PROBLEM TO SOLVE: Take each line of the data that contains the string "Photo" and copy it.

[Data items]
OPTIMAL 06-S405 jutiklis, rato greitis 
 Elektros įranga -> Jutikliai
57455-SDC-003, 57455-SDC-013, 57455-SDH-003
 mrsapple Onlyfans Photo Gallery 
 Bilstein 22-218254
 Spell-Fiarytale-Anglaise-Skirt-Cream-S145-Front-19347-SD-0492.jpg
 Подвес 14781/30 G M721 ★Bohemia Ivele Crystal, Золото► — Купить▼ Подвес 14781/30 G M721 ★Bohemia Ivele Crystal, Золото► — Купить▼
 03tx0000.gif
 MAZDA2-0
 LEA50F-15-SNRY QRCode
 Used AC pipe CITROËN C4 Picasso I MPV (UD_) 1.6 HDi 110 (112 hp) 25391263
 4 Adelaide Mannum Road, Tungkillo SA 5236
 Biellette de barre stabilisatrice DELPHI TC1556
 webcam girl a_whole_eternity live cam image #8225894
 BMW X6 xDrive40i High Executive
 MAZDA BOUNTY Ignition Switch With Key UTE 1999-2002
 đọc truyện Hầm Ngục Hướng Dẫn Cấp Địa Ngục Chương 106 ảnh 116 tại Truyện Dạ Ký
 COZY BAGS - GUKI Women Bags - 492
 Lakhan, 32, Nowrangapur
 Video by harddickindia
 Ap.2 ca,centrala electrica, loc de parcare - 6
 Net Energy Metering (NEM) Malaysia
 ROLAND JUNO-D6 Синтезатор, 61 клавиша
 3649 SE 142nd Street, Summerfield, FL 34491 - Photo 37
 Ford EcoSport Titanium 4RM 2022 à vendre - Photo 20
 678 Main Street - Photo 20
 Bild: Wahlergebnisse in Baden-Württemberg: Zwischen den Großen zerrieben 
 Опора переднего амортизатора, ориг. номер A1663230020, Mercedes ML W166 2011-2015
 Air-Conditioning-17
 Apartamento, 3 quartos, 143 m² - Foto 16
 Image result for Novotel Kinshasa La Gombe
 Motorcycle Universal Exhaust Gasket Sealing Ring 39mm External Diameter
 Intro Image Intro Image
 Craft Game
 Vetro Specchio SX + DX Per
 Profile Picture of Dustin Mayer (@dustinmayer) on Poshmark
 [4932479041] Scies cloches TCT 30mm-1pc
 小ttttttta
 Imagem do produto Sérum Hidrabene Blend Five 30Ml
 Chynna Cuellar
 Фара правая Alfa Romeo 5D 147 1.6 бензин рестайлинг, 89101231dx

FINAL ANSWER:
 mrsapple Onlyfans Photo Gallery 
 3649 SE 142nd Street, Summerfield, FL 34491 - Photo 37
 Ford EcoSport Titanium 4RM 2022 à vendre - Photo 20
 678 Main Street - Photo 20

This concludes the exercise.